1. 9

TL;DR: I’m looking for a SIMD abstraction layer that will let me do some high-speed byte searching without having to worry about a dozen different instruction sets. Not having luck finding such.

I’m optimizing some JSON-parsing code, and by far the biggest bottleneck is string searching, specifically searching for the next occurrence of one of two or more characters. For example, when scanning a string I search for both double-quote and backslash. (Plus 00 if the JSON has not been validated.)

  • C has a function to do this, strcspn, but it’s slow.
  • A naive loop testing every char with several == comparisons is faster.
  • indexing each byte in a 256-item lookup table is still faster.
  • Unrolling the loop to look at 4 bytes in sequence is even faster (stole this from sa-json.)
  • “Homemade SIMD” by reading a uint32 or uint64 and doing bitwise tricks to detect any of those bytes is significantly slower, sadly.
  • [Goldilocks solution goes here]
  • The SIMDJSON library is super fast but has a whole bunch of complex code — it has to implement the core loops six or seven times for specific instruction sets, and then figure out at runtime which of those to call. I would rather avoid dragging all that in.

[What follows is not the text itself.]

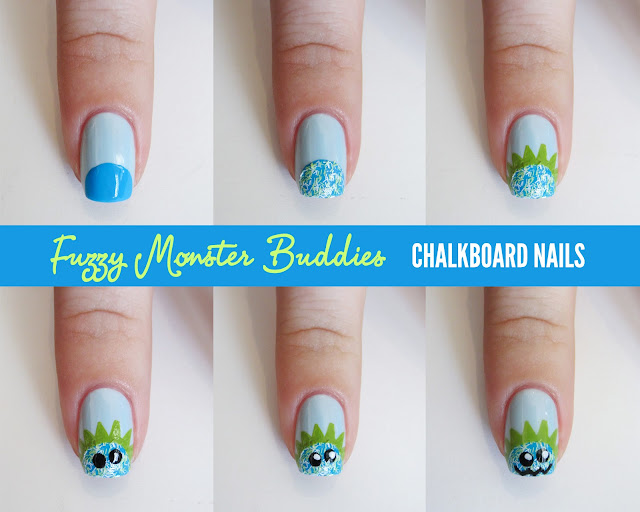 Chalkboard Nails: Fuzzy Monster Buddies tutorial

Yesterday I was experimenting with Apple’s “simd” library, which is based on Clang vector extensions, and it does pretty well, but I am not sure if this is portable to non-Apple systems or non-Clang compilers. (GCC has its own extensions, which Clang partially supports, but when I tried those Clang generated slow non-SIMD code.)


  2. 6

    Often this trick works:

    • instead of iterating element-by-element, iterate by chunks of length N (where N is compile time constant)
    • write scalar code for the inner loop
    • compiler auto-vectorizes the inner loop for the instruction set at hand, because it does a constant amount of iterations.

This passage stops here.